Next we determined the mechanism leading to apoptosis in PrE cells lacking PINCH-1 expression. Unligated integrins recruit caspase-8 to the cell membrane where it is activated and initiates apoptosis (Stupack et al., 2001). To determine whether caspase-8 is activated in PINCH-1−/− PrE cells, we performed immunostaining of WT and PINCH-1−/− EBs using an antibody against active caspase-8. In PINCH-1−/− and in WT EBs active caspase-8-positive cells were mainly observed in the centre of the EBs and very rarely in the epiblast and in PrE cells (Fig. 2F). To test whether a mitochondrial dysfunction is involved in the apoptosis of PINCH-1−/− PrE cells we performed immunostaining of WT and PINCH-1−/− EBs using the 6A7 Bax antibody, which recognises activated Bax. In contrast to WT PrE cells, which lacked active Bax in the cytoplasm, PINCH-1−/− PrE cells displayed a strong and punctate staining for active Bax (Fig. 2F) that co-localised with the mitochondrial marker MitoTracker® (Fig. 2G). In line with these results, adherent apoptotic PINCH-1−/− PrE cell also contained active Bax (Fig. 2H). Together, these results indicate that loss of PINCH-1 in PrE cells triggers the intrinsic mitochondrial apoptotic pathway.

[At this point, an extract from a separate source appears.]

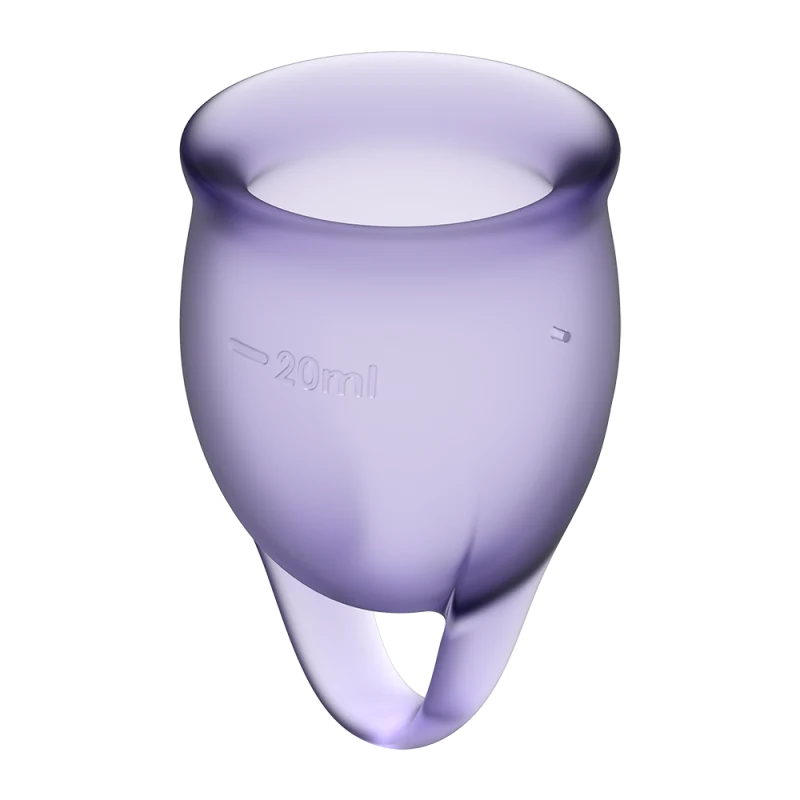 2 coupes menstruelles Satisfyer Light Violet FEEL CONFIDENT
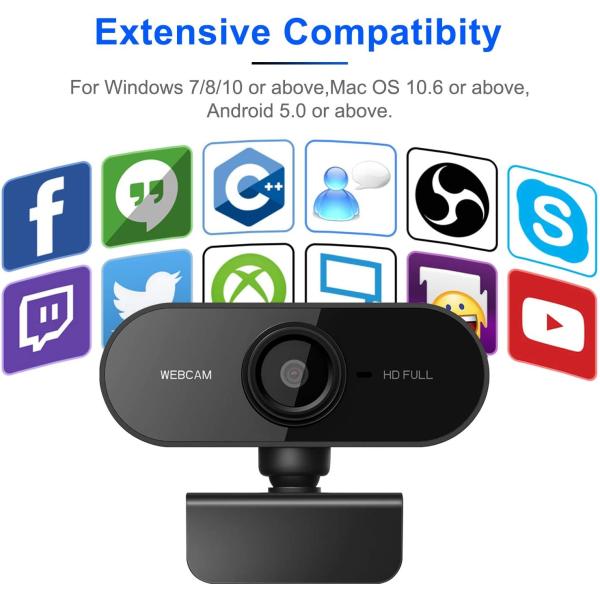 USB Free Drive Plug 2 Megapixel Web Camera 5V 30FPS Fixed Focus Full Hd 1080p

Loss of PINCH-1 leads to increased JNK activation
We next sought to elucidate the molecular mechanism(s) by which PINCH-1 regulates Bax activity in PrE cells. It has been reported that PINCH-1 protects tumour cells from Bax-dependent apoptosis through phosphorylation and activation of ERK1/2 and AKT or by downregulating expression and phosphorylation of the pro-apoptotic protein Bim (Chen et al., 2008; Eke et al., 2010). To test whether this is also occurring in PrE cells, we determined the phosphorylation levels of ERK1/2 and AKT in WT and PINCH-1−/− PrE cells cultured for 24 or 48 hours on FN. PINCH-1−/− PrE cells showed similar steady state phosphorylation levels of ERK1/2 and AKT-Ser473 as WT cells excluding a role of both signalling molecules in Bax activation (Fig. 3A). To test whether Bim is involved in apoptosis of PINCH-1−/− PrE cells, we determined the levels of total and the levels of phosphorylated Bim. WB analysis with a specific antibody that recognises total Bim and a phosphorylation-induced mobility shift of Bim upon phosphorylation revealed no differences between WT and PINCH-1−/− PrE cells (Fig. 3B). Together, these results indicate that (i) ERK, AKT or Bim activity are not involved in regulating survival of PINCH-1−/− PrE and that (ii) PINCH-1 is employing different mechanism(s) to support cell survival in PrE than tumour cells.
Sustained activation of JNK also triggers the mitochondrial apoptotic pathway leading to cell death (Ip and Davis, 1998). To test whether loss of PINCH-1 affects JNK activity, we measured phosphorylation levels of JNK in WT and PINCH-1−/− PrE cells cultured for 48 hours on FN and found increased JNK phosphorylation levels in PINCH-1−/− PrE cells compared to WT cells (Fig. 3A). To determine whether the increased JNK activity was responsible for the augmented Bax activity in PINCH-1−/− PrE cells, we treated the cells with the specific JNK inhibitor SP600125 or DMSO (vehicle) and assayed Bax activation 48 hours later by WB. As expected, SP600125 treatment reduced JNK phosphorylation in PINCH-1−/− PrE cells (Fig. 3C). However, the treatment did not alter the activation rate of Bax, indicating that blockade of JNK signalling is not ablating Bax activity in PINCH-1−/− PrE cells (Fig. 3C).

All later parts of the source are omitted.